A mãe teve nojo, e num só grito explodiram-lhe todas as queixas. As faces, de vermelhas tornaram-se lívidas, as mãos e os beiços tremiam-lhe; avançou:
— Vá dizer à Paquita, à sua prática e sensata Paquita, que eu não preciso do dinheiro dela ouviu? Não se demore, que ela é capaz de bater em você'
- Mamãe!
— Perversos! vir de tão longe, o meu filho, para me dizer isto. O meu filho! e eu que tinha tantas saudades!
— Mamãe, a senhora é injusta...
— Injusta é ela, que me quer separar de todos os filhos e te ensina a faltar-me ao respeito. Acham que tenho sofrido pouco?!
— Acalme-se e reconhecerá que temos razão. Paquita é um anjo.
— Um diabo do inferno!
— A senhora está me ofendendo.
— E ninguém me ofendeu? Diga! ninguém me ofendeu?!
— Sossegue: tudo se há de arranjar; bem sabe que eu não tenho nada; a fortuna é de minha mulher, mas nós lhe daremos uma mesada, visto que...
— Recuso; não quero nada dessas mãos. O meu filho morreu no dia em que se casou. Se o envergonho, é melhor fingir que não me conhece. Vá-se embora.
— Mamãe...
— Vá-se embora! Eu não preciso de nada. Suas irmãs saíram para dar uma esmola. Temos sobras em casa. Que castigo, meu Deus!

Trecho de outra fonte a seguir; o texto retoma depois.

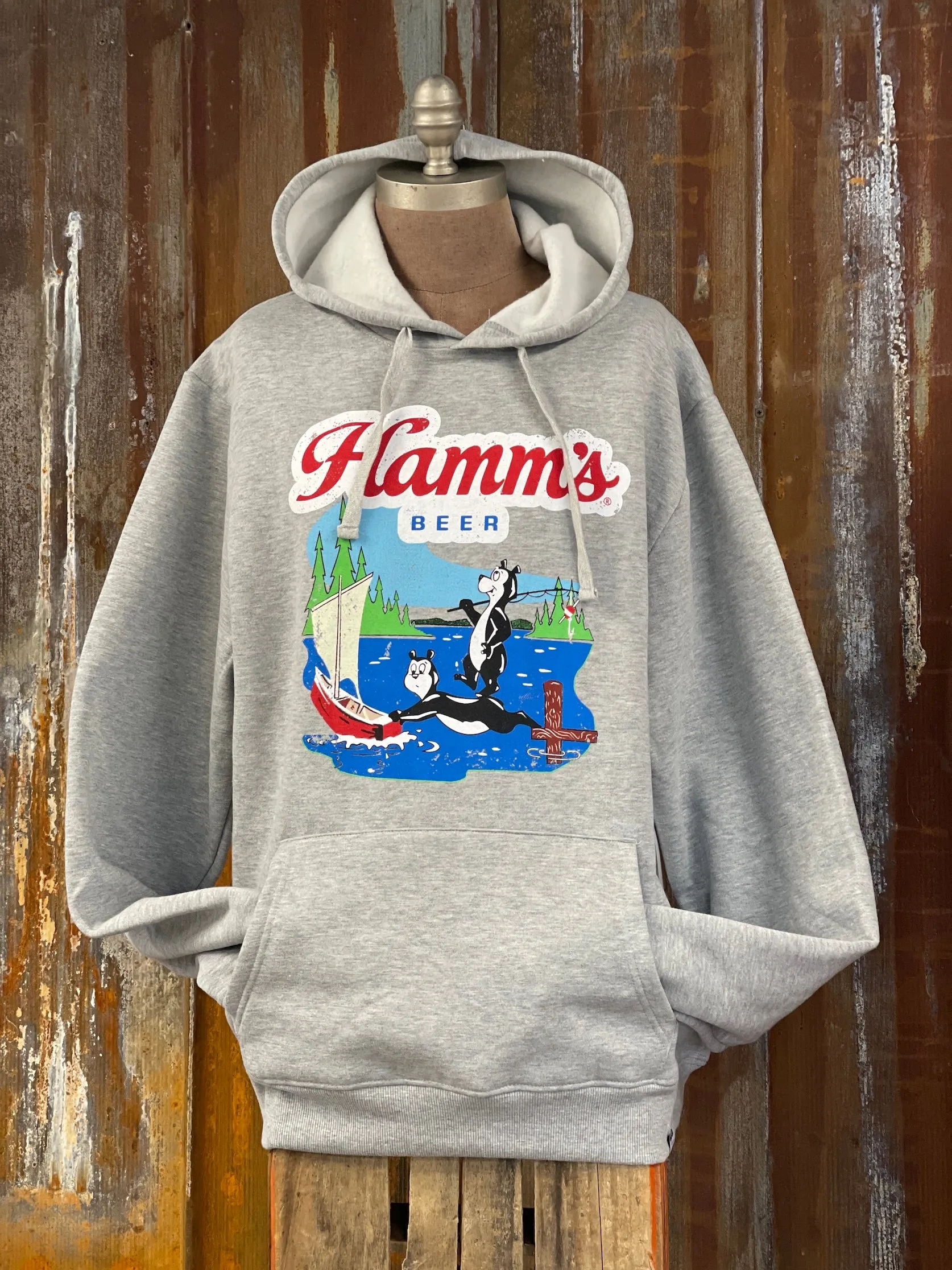 Hamm's Sailboat Bear Hoodie- Heather Grey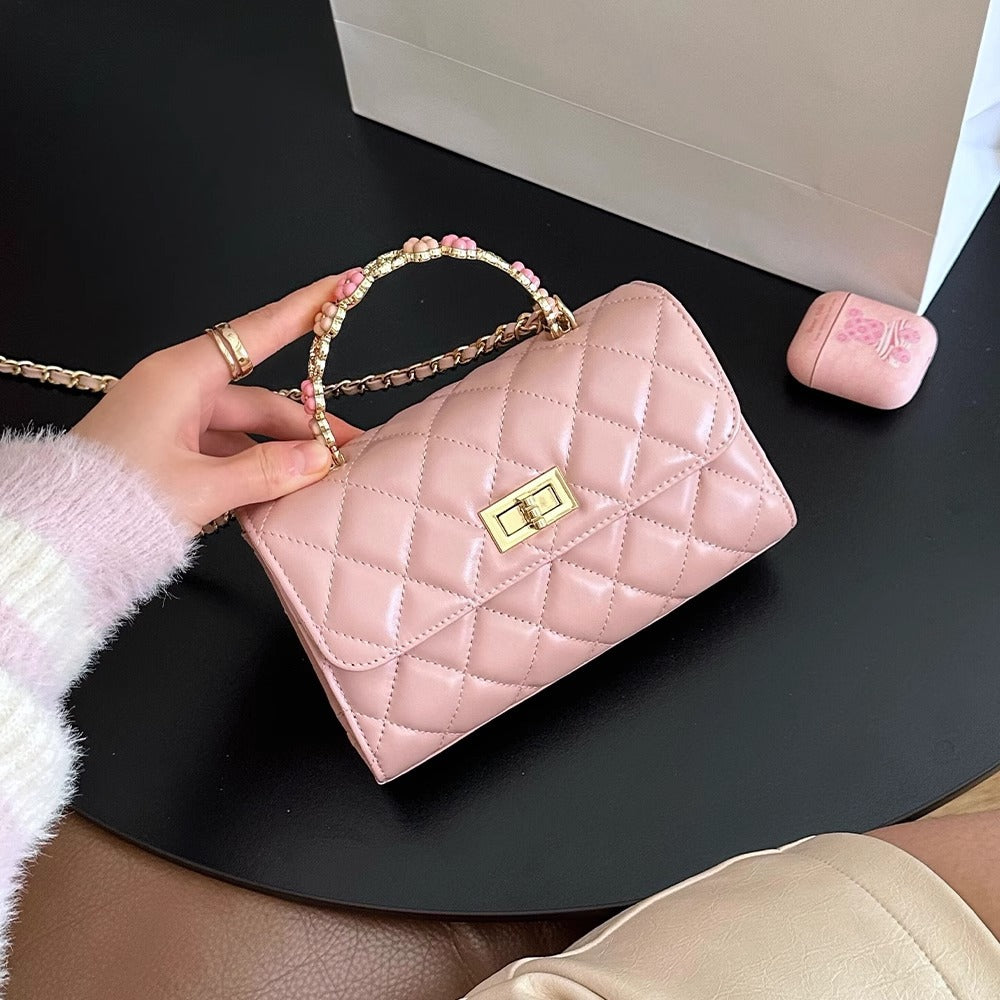 山茶花信封包女小香风高级感菱格链条包2024新款手提包单肩斜挎包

— Não tive a intenção de a ofender. Se eu não tivesse encontrado aqui aquele maldito homem, as coisas teriam caminhado de outra maneira. Compete agora a mim o dever de zelar pela sua honra. A senhora é viúva, o Dr. Gervásio é solteiro, amam-se, casem-se. E lógico.
— Pelo amor de Deus! Mário!
— A senhora não é criança, deve perceber que desse modo compromete o futuro das meninas. O tempo lhe dirá se tenho razão...
— Que insistência! uma vez por todas: basta, basta, basta!
— Bem. mamãe, calo-me.
— Enfim!
Era oportuno o ponto. As meninas entravam em tropel pelo jardim, gritando:
— Mário, Mário!
Ele chegou à porta, agitadíssimo e estendeu os braços a Ruth, que lhe pareceu muito magrinha, já de vestido comprido, como uma senhora. O abraço evocou em ambos a lembrança do pai. Mário semeou beijos e lágrimas nos cabelos da irmã, na sua primeira efusão de ternura.
Foi só depois de tudo acabado, que à Noca, contemplando o moço de frente, murmurou:
— Gentes! reparem como o bigode de Mário cresceu, e como ele está bonito!